## What is being asked
Beneath this instruction is a listing. Transcribe from it only the stretch from the line with "A low-angle photo" through the line with "Three German bisque", both end lines included, exactly as written.

## Excerpted records
*** Begin section ***

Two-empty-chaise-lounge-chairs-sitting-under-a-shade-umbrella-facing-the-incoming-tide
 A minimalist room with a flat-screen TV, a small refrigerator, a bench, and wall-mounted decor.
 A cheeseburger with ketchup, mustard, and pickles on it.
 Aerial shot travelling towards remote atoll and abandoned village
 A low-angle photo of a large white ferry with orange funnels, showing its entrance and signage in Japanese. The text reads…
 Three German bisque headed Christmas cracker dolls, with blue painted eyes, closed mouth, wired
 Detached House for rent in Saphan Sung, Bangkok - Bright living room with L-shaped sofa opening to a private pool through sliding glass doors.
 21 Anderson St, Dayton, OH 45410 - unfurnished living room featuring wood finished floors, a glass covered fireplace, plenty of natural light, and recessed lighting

*** End section ***

## Solution
 A low-angle photo of a large white ferry with orange funnels, showing its entrance and signage in Japanese. The text reads…
 Three German bisque headed Christmas cracker dolls, with blue painted eyes, closed mouth, wired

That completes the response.